Collection entries

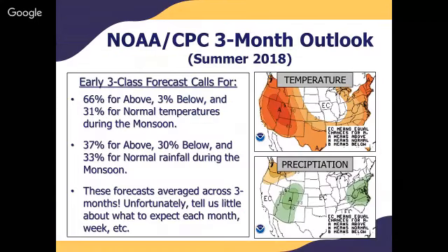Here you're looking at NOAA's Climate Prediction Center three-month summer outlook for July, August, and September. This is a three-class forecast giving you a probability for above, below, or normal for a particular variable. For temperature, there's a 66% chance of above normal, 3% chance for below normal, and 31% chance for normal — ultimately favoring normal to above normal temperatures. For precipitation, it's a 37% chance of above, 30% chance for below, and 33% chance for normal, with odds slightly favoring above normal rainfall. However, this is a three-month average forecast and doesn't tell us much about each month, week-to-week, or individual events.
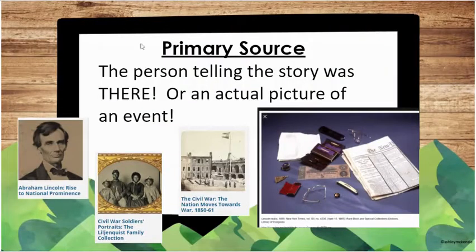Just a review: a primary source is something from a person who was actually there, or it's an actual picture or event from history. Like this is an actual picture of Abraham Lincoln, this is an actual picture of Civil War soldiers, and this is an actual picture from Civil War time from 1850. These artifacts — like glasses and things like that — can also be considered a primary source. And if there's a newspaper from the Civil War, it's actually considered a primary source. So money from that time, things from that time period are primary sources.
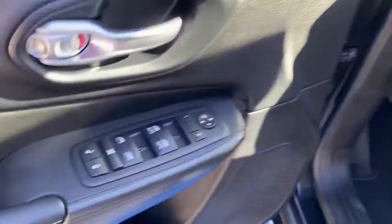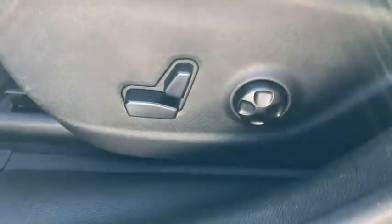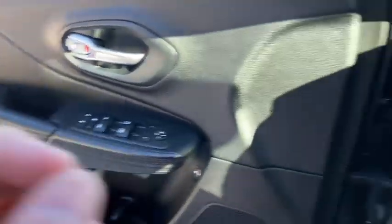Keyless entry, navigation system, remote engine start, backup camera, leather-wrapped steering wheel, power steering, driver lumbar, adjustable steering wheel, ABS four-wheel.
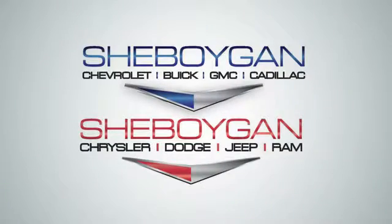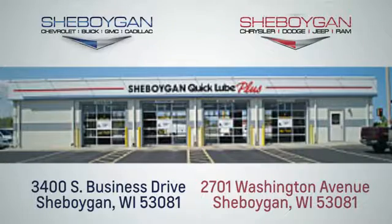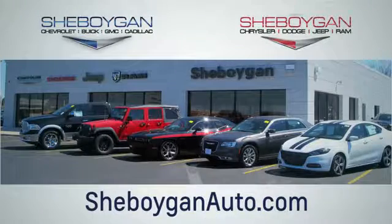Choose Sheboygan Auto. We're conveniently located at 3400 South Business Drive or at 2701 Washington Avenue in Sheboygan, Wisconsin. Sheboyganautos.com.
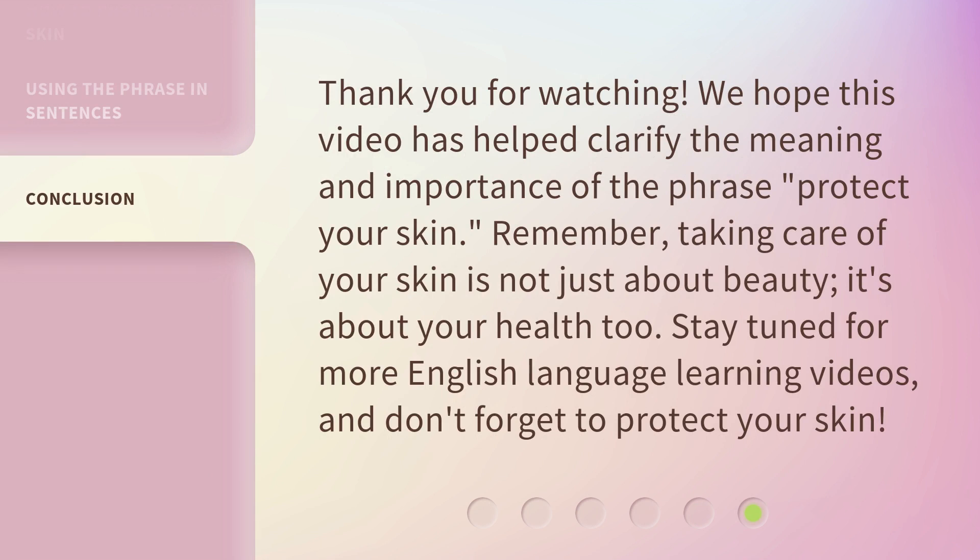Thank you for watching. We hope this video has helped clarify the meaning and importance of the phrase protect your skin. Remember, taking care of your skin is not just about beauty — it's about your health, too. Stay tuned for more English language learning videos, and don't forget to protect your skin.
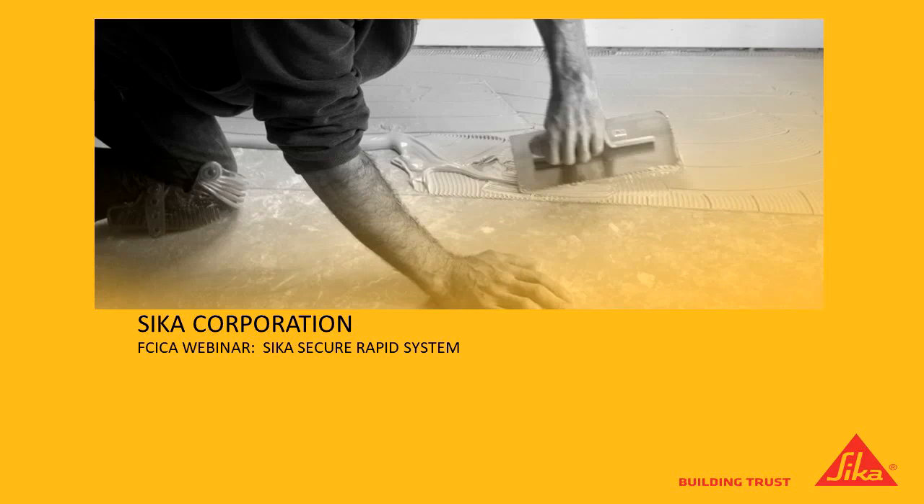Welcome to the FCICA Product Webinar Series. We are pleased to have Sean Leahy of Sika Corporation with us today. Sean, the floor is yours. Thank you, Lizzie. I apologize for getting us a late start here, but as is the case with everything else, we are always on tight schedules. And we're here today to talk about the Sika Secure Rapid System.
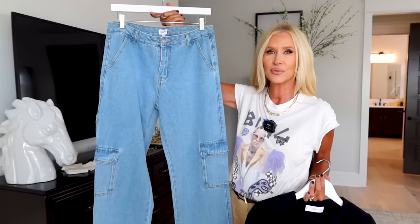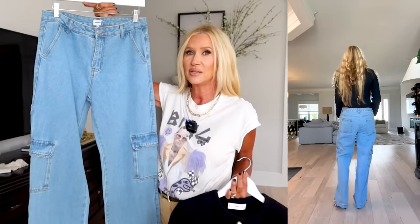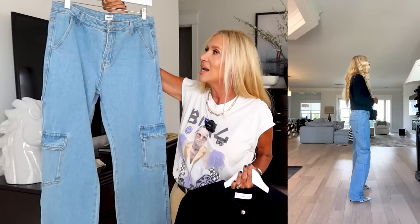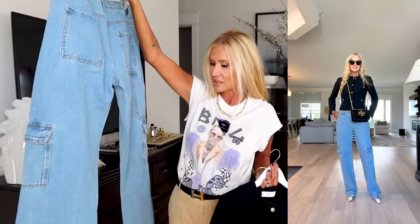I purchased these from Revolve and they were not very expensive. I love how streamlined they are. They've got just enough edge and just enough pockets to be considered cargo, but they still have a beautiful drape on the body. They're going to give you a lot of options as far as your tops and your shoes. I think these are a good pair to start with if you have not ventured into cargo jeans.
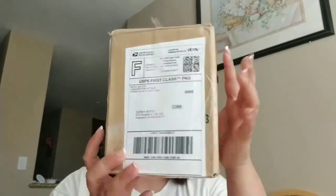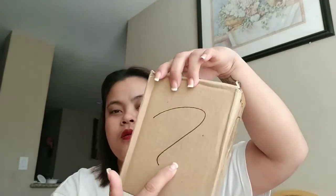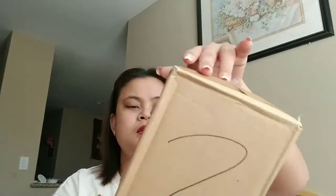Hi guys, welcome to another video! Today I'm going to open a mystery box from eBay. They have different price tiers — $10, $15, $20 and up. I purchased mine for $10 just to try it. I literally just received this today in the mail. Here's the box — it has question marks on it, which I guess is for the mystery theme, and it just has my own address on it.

PROMPT | Exclude the pictures. Write out the remaining data exactly.

ANSWER TO THE PROBLEM |
Here you're looking at NOAA's Climate Prediction Center three-month summer outlook for July, August, and September. This is a three-class forecast giving you a probability for above, below, or normal for a particular variable. For temperature, there's a 66% chance of above normal, 3% chance for below normal, and 31% chance for normal — ultimately favoring normal to above normal temperatures. For precipitation, it's a 37% chance of above, 30% chance for below, and 33% chance for normal, with odds slightly favoring above normal rainfall. However, this is a three-month average forecast and doesn't tell us much about each month, week-to-week, or individual events.
Just a review: a primary source is something from a person who was actually there, or it's an actual picture or event from history. Like this is an actual picture of Abraham Lincoln, this is an actual picture of Civil War soldiers, and this is an actual picture from Civil War time from 1850. These artifacts — like glasses and things like that — can also be considered a primary source. And if there's a newspaper from the Civil War, it's actually considered a primary source. So money from that time, things from that time period are primary sources.
Keyless entry, navigation system, remote engine start, backup camera, leather-wrapped steering wheel, power steering, driver lumbar, adjustable steering wheel, ABS four-wheel.
Choose Sheboygan Auto. We're conveniently located at 3400 South Business Drive or at 2701 Washington Avenue in Sheboygan, Wisconsin. Sheboyganautos.com.
Thank you for watching. We hope this video has helped clarify the meaning and importance of the phrase protect your skin. Remember, taking care of your skin is not just about beauty — it's about your health, too. Stay tuned for more English language learning videos, and don't forget to protect your skin.
Welcome to the FCICA Product Webinar Series. We are pleased to have Sean Leahy of Sika Corporation with us today. Sean, the floor is yours. Thank you, Lizzie. I apologize for getting us a late start here, but as is the case with everything else, we are always on tight schedules. And we're here today to talk about the Sika Secure Rapid System.
I purchased these from Revolve and they were not very expensive. I love how streamlined they are. They've got just enough edge and just enough pockets to be considered cargo, but they still have a beautiful drape on the body. They're going to give you a lot of options as far as your tops and your shoes. I think these are a good pair to start with if you have not ventured into cargo jeans.
Hi guys, welcome to another video! Today I'm going to open a mystery box from eBay. They have different price tiers — $10, $15, $20 and up. I purchased mine for $10 just to try it. I literally just received this today in the mail. Here's the box — it has question marks on it, which I guess is for the mystery theme, and it just has my own address on it.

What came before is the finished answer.